Collection entries:
#####

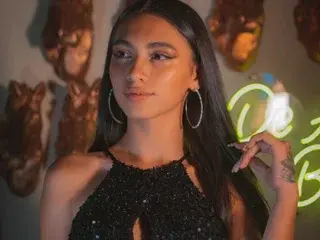 Streamate Sex Cam of TamaraxCooper21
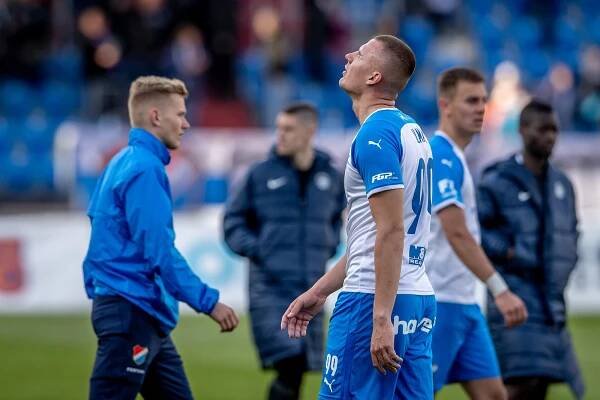 ZNÁMKOVÁNÍ BANÍKU: Jistý Letáček, kvalitní Cadu, nególový Tijani. Co říkáte?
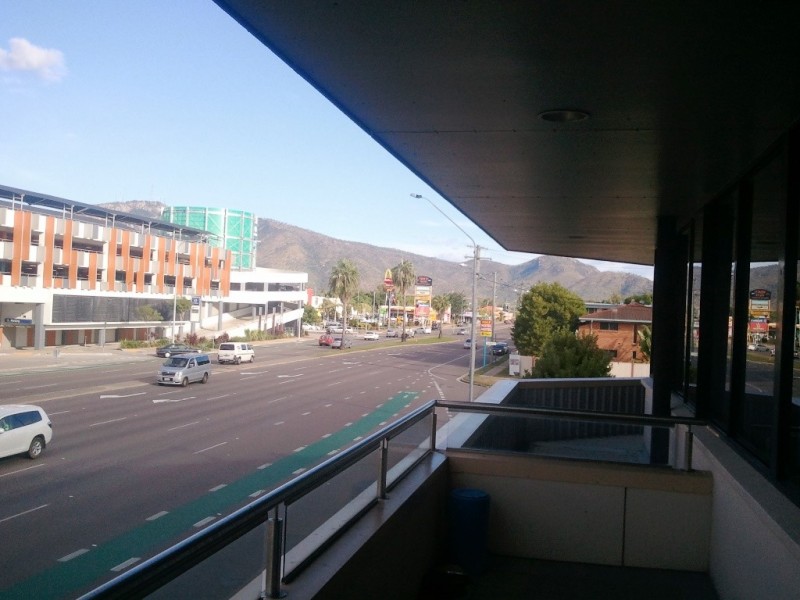 T8 / 340 Ross River Road, Aitkenvale QLD 4814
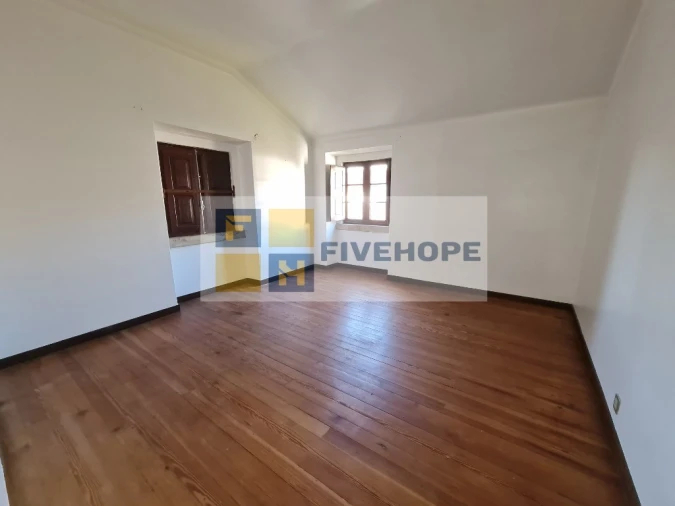 Moradia T10 para Venda em Maiorca Foto 32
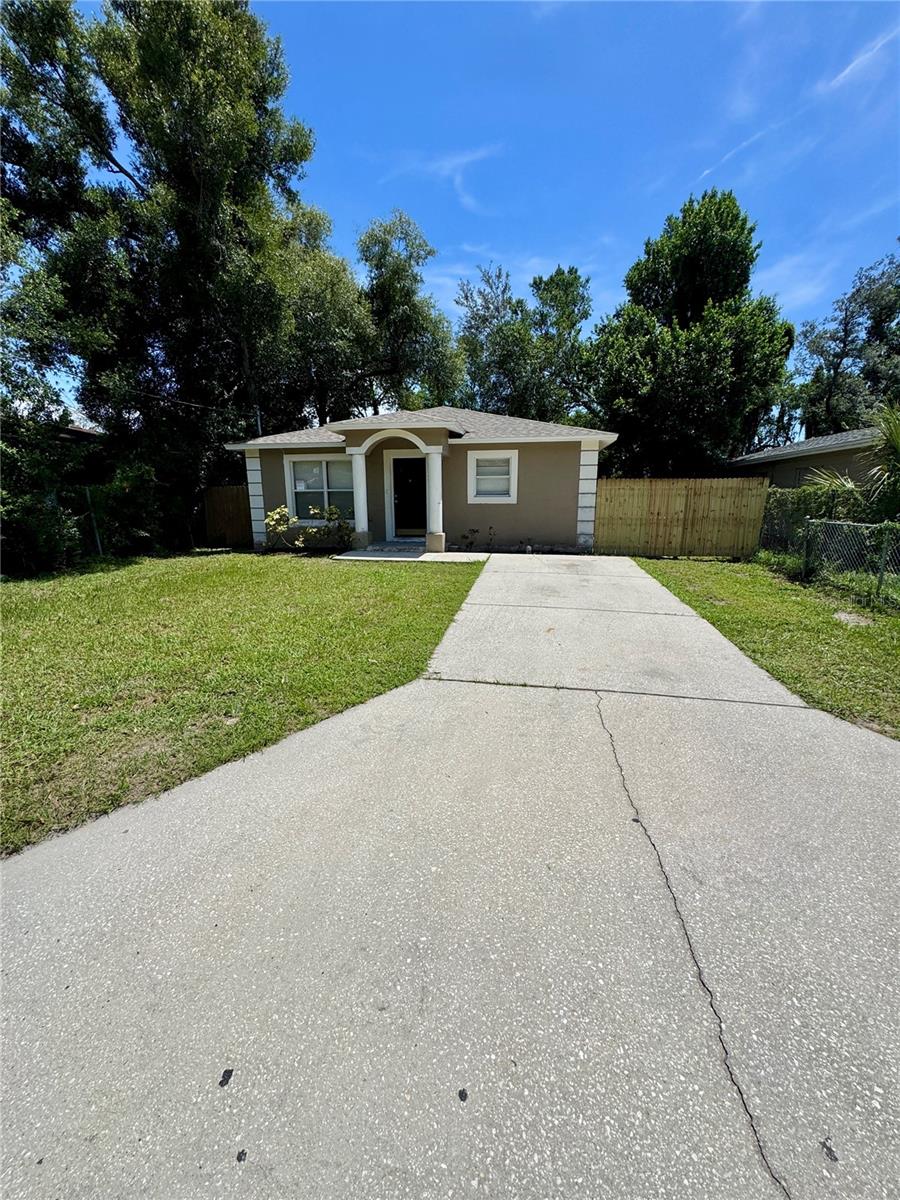 3305 E 38TH AVE — photo 3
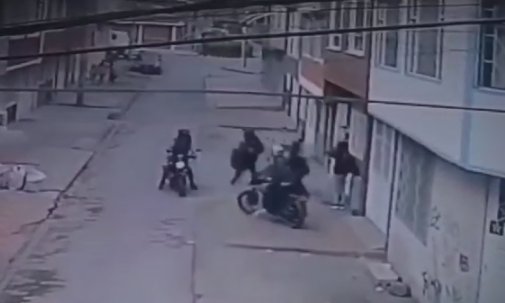 Indignante robo a mamá e hija en la puerta de su casa en Kennedy 1 Indignante robo a mamá e hija en la puerta de su casa en Kennedy En video quedó registrado el momento en el que tres sujetos en moto intimidan con armas de fuego y atracan a madre e hija cuando se encontraban apunto de ingresar a su vivienda en Kennedy.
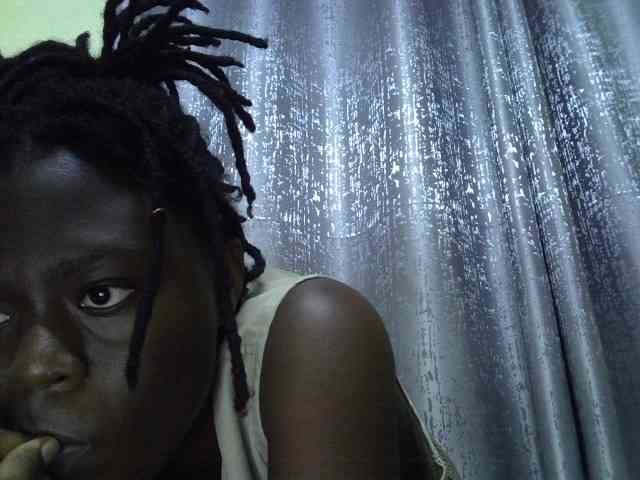 Blackdiva-11 webcam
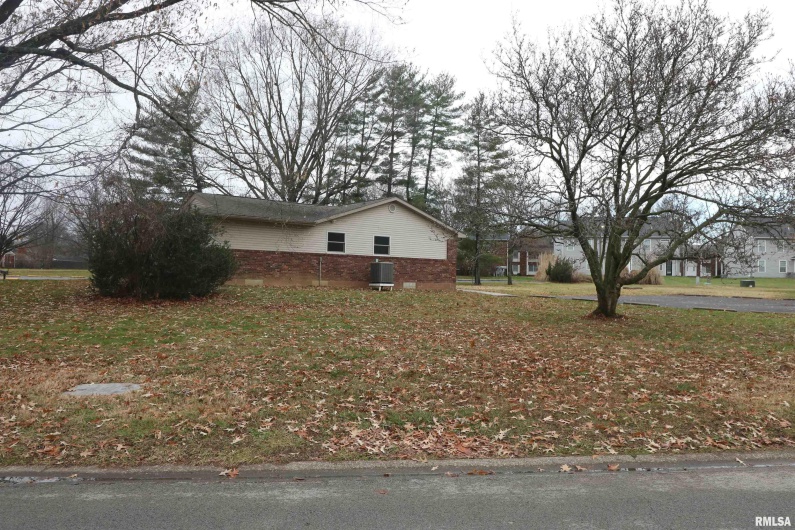 401 Beadle Drive, Carbondale, Illinois 62901, 0 , 0 ,0,Commercial Sale,For Sale,Beadle,0,RMAEB456240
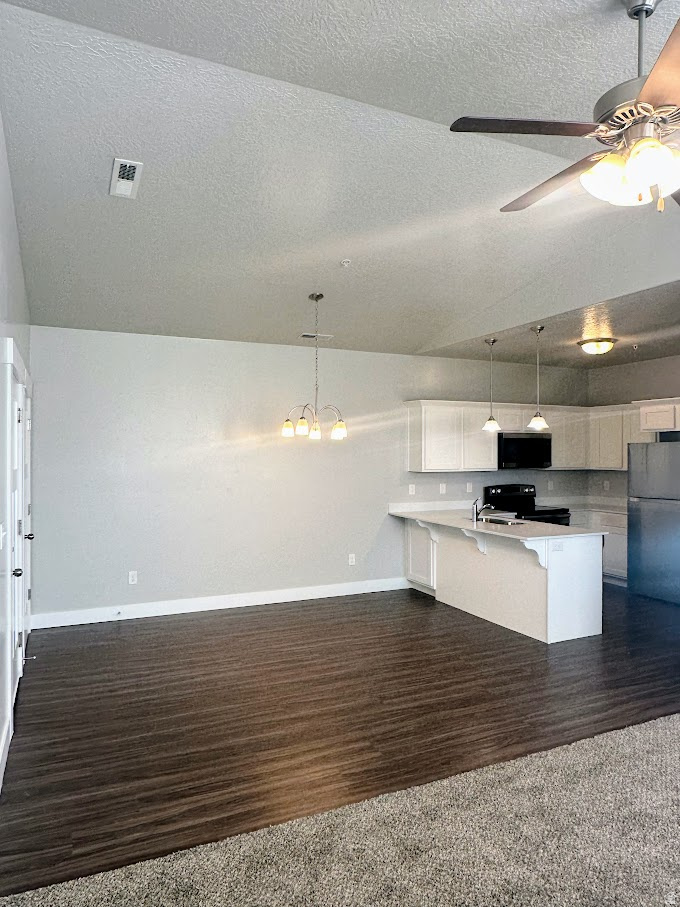 QUAILHILL - Residential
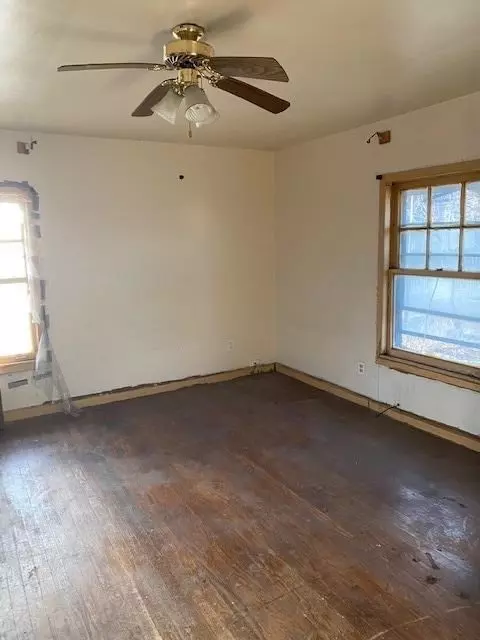 654 Johnson St, Gary, IN 46402 photo 18
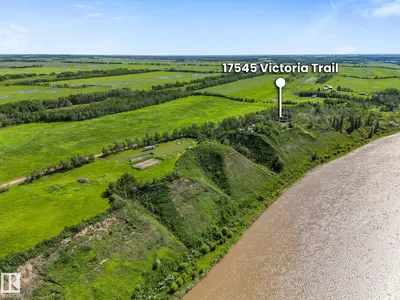 Interior photo 2 of 17545 VICTORIA TR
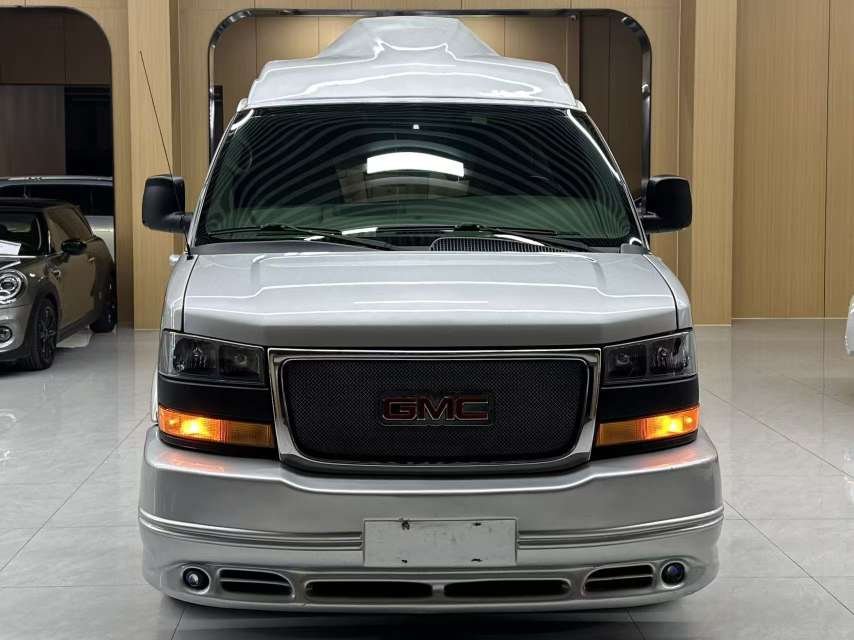 2018 GMC SAVANA - 2018 Van, pre-owned car for export from China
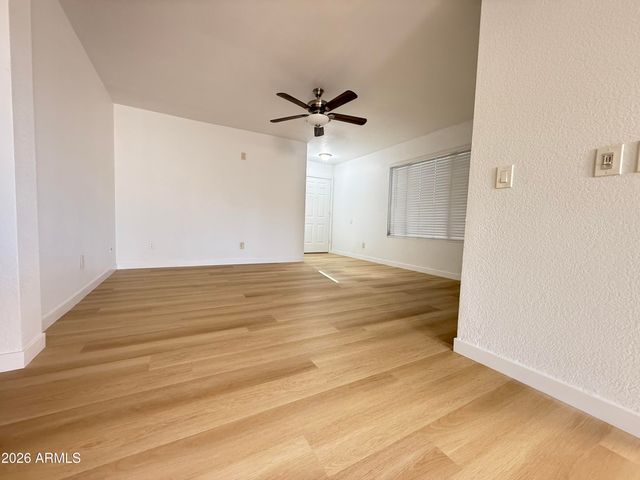 4837 N 87th Avenue, Phoenix, AZ 85037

#####

> _WHAT IS BEING ASKED_
Above are the records; copy every one of them exactly and omit the images.

> _RESPONSE_
 Streamate Sex Cam of TamaraxCooper21
 ZNÁMKOVÁNÍ BANÍKU: Jistý Letáček, kvalitní Cadu, nególový Tijani. Co říkáte?
 T8 / 340 Ross River Road, Aitkenvale QLD 4814
 Moradia T10 para Venda em Maiorca Foto 32
 3305 E 38TH AVE — photo 3
 Indignante robo a mamá e hija en la puerta de su casa en Kennedy 1 Indignante robo a mamá e hija en la puerta de su casa en Kennedy En video quedó registrado el momento en el que tres sujetos en moto intimidan con armas de fuego y atracan a madre e hija cuando se encontraban apunto de ingresar a su vivienda en Kennedy.
 Blackdiva-11 webcam
 401 Beadle Drive, Carbondale, Illinois 62901, 0 , 0 ,0,Commercial Sale,For Sale,Beadle,0,RMAEB456240
 QUAILHILL - Residential
 654 Johnson St, Gary, IN 46402 photo 18
 Interior photo 2 of 17545 VICTORIA TR
 2018 GMC SAVANA - 2018 Van, pre-owned car for export from China
 4837 N 87th Avenue, Phoenix, AZ 85037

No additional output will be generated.